▶ **The data**:
──────────────────────────────

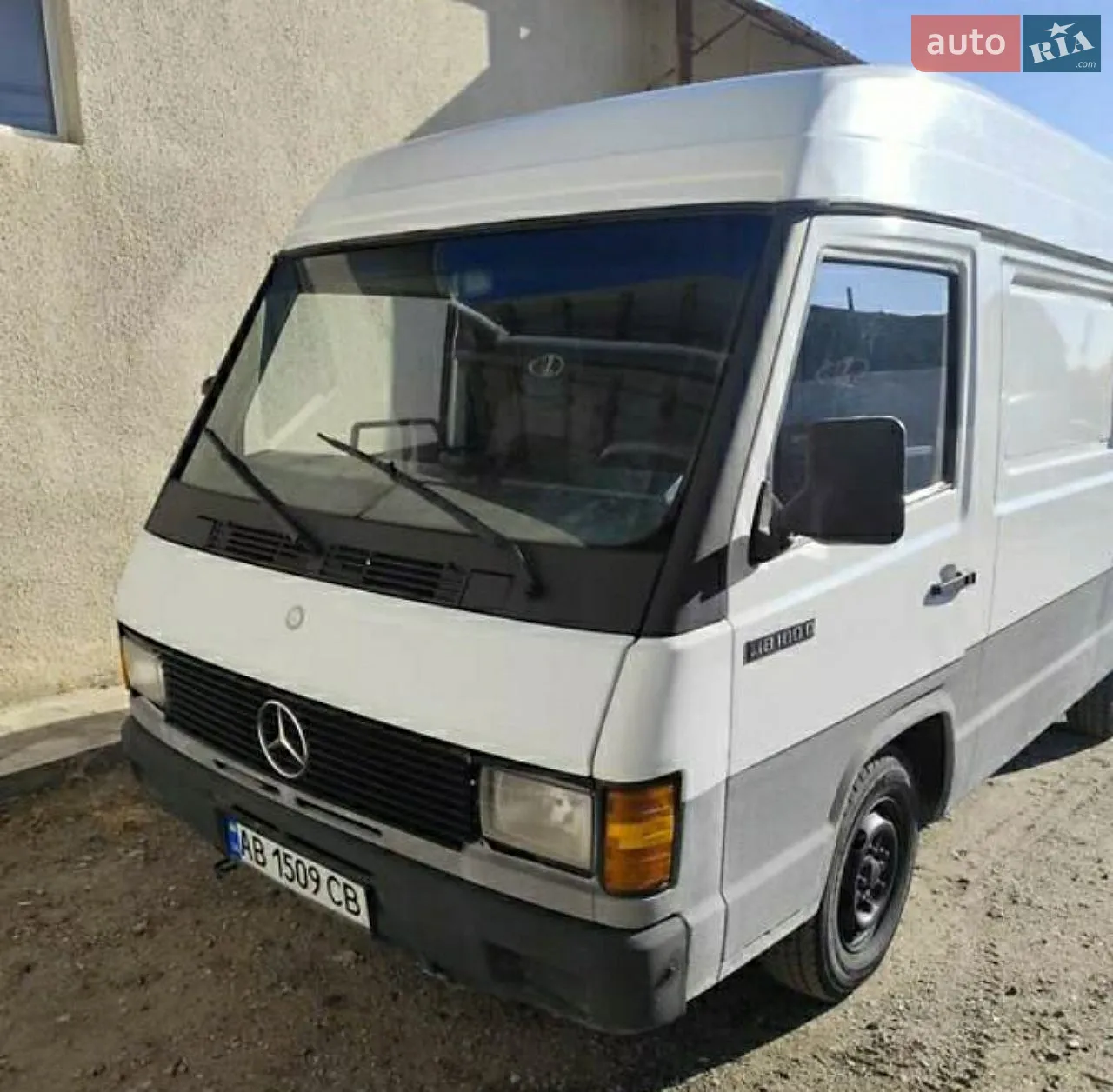 Mercedes-Benz MB-Class, 1990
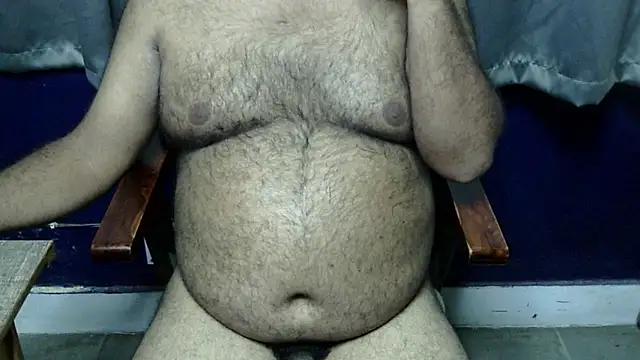 Snapshot of hairysubcub_70 chatting on July 3, 2026, 4:35 pm hairysubcub 70 online show from July 3, 2026, 4:35 pm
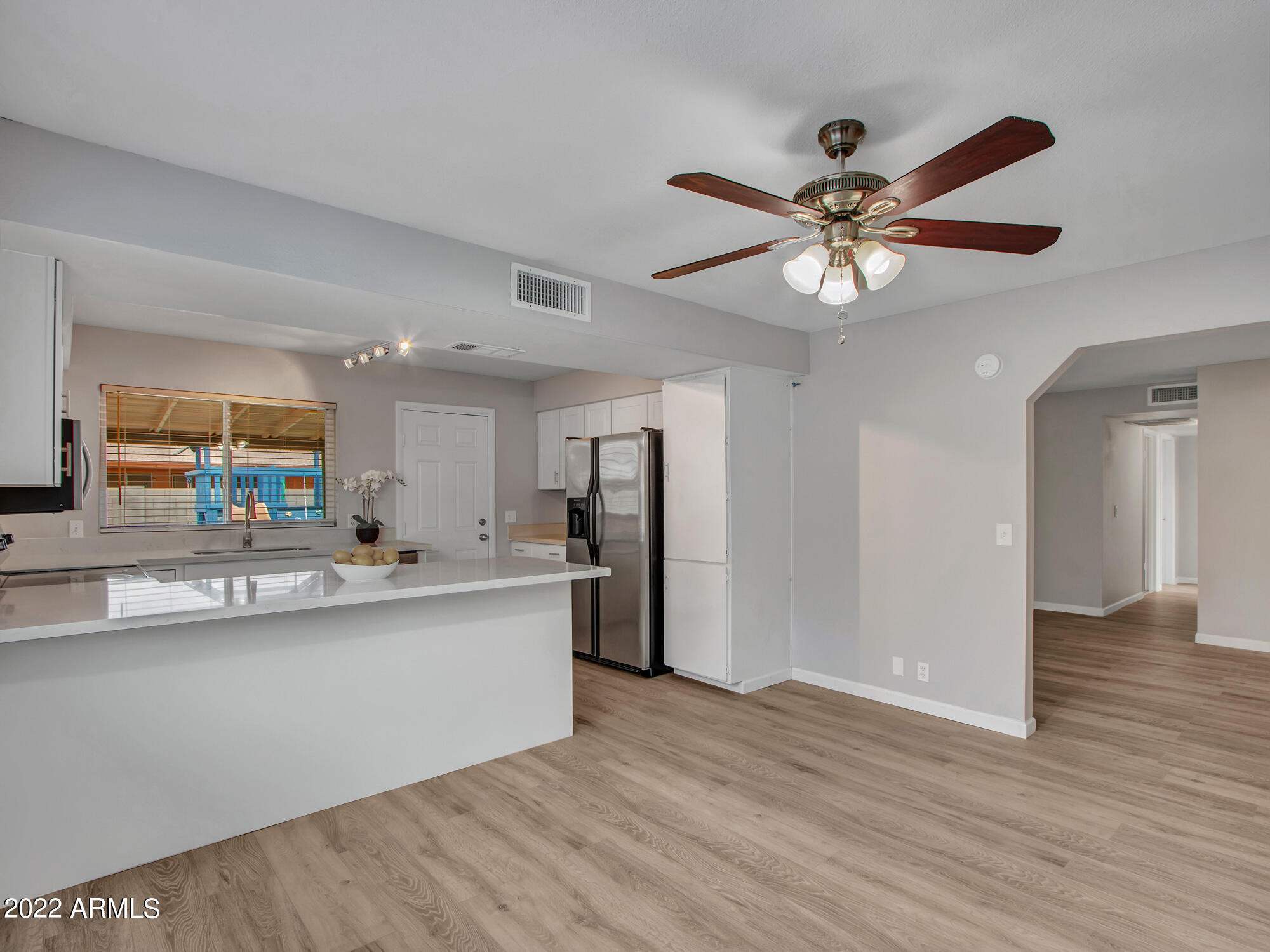 7300 West Hatcher Road Peoria, AZ 85345 - Photo 11 of 36 Dining Room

──────────────────────────────

▶ **Goal of the exercise**: Would you write out exactly the lines of the data from the one holding "Snapshot of hairysubcub_70" to the final line, both included, with pictures left out?

▶ **Result of the task**:
 Snapshot of hairysubcub_70 chatting on July 3, 2026, 4:35 pm hairysubcub 70 online show from July 3, 2026, 4:35 pm
 7300 West Hatcher Road Peoria, AZ 85345 - Photo 11 of 36 Dining Room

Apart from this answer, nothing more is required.